## Try it
Copy everything in the data below exactly except the pictures.

────

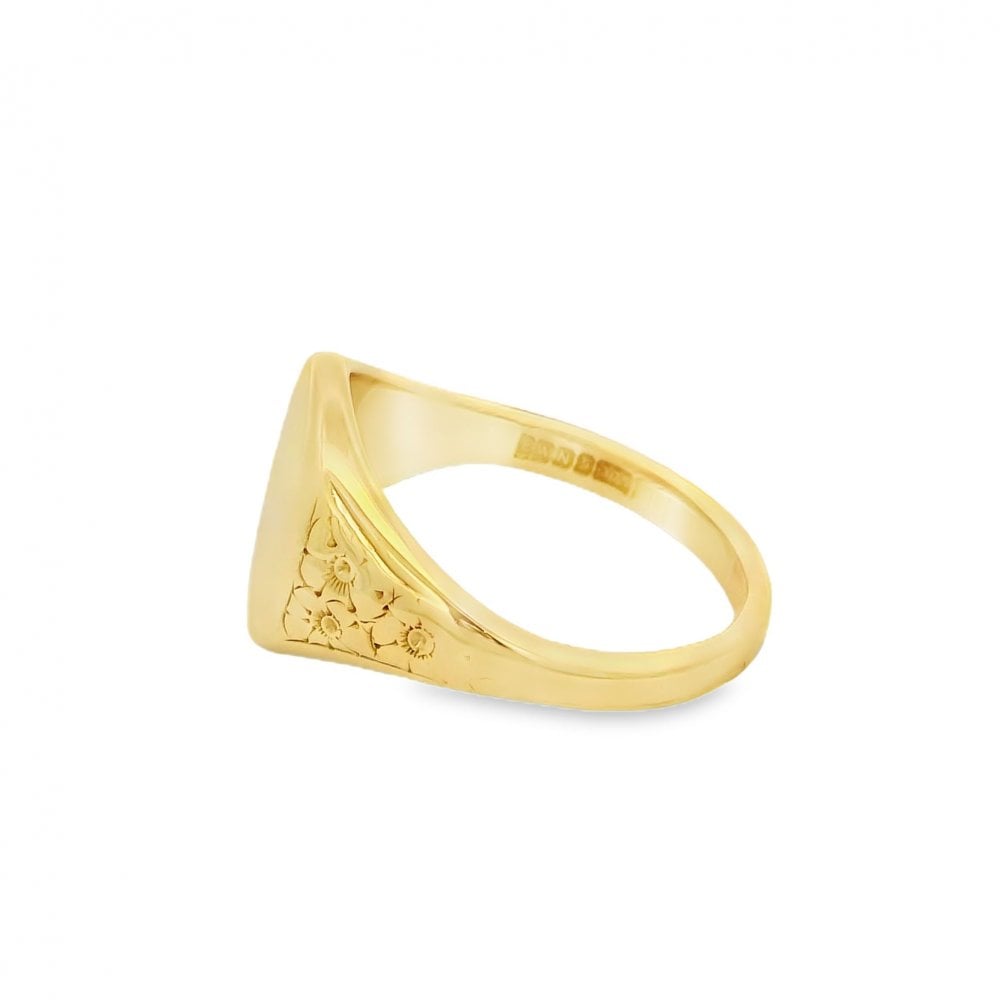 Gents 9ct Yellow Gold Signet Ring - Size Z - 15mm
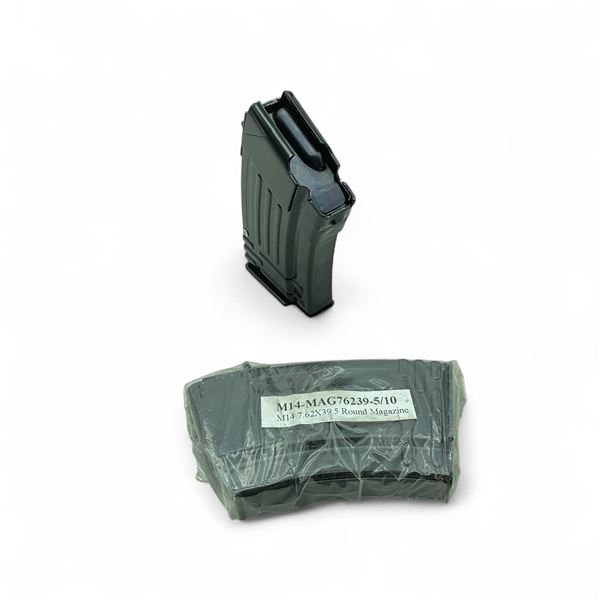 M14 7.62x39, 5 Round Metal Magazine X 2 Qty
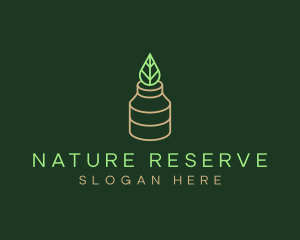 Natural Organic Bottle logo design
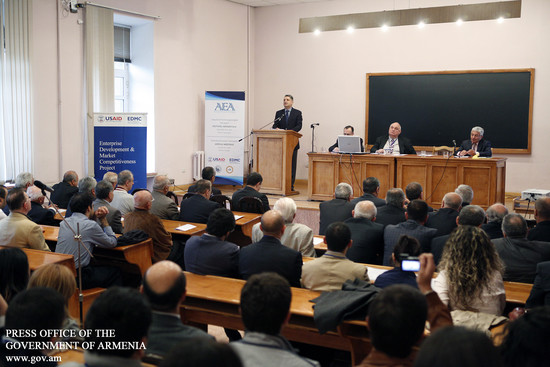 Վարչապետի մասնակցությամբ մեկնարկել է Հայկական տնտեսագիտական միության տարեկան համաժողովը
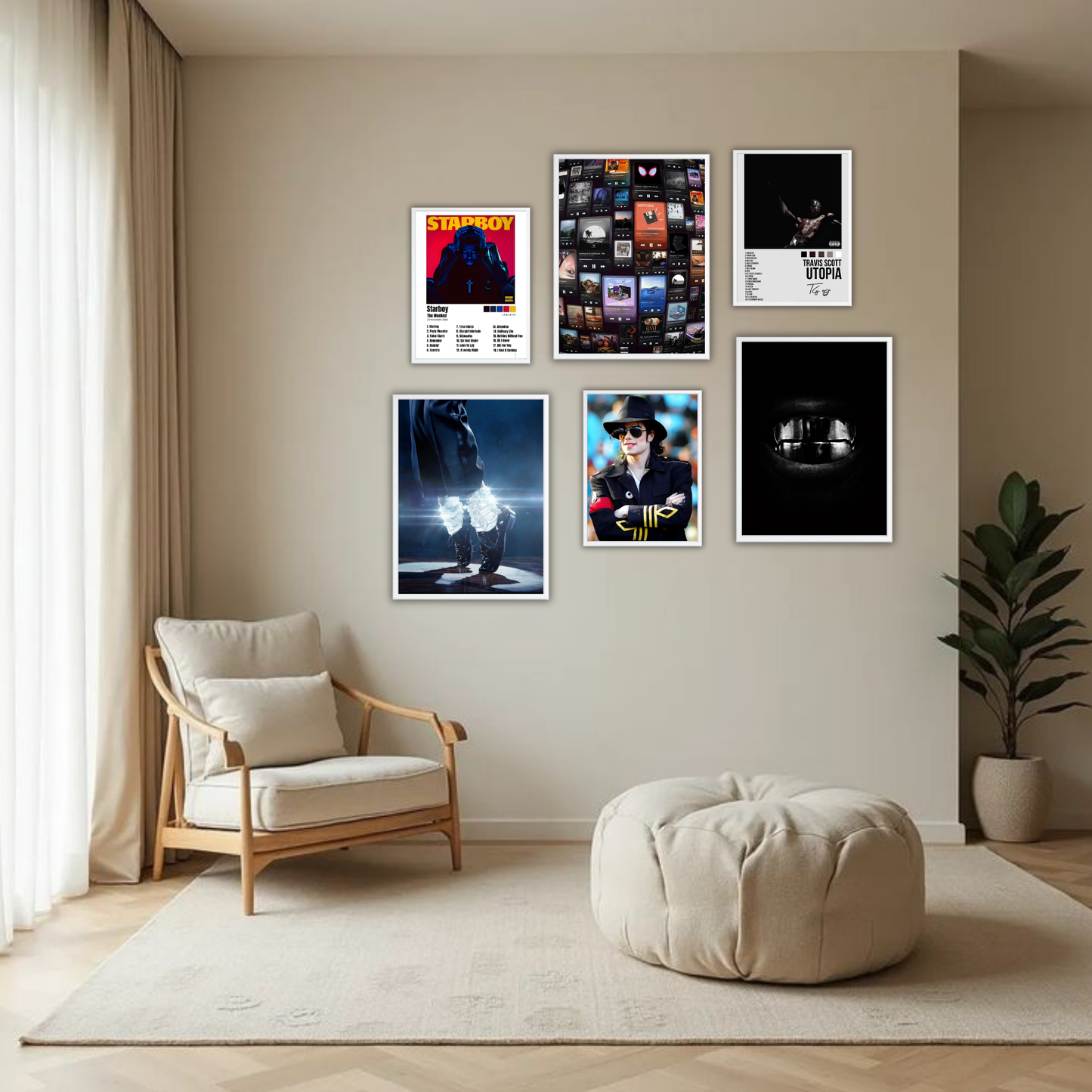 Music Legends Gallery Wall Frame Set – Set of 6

────

## Response
 Gents 9ct Yellow Gold Signet Ring - Size Z - 15mm
 M14 7.62x39, 5 Round Metal Magazine X 2 Qty
 Natural Organic Bottle logo design
 Վարչապետի մասնակցությամբ մեկնարկել է Հայկական տնտեսագիտական միության տարեկան համաժողովը
 Music Legends Gallery Wall Frame Set – Set of 6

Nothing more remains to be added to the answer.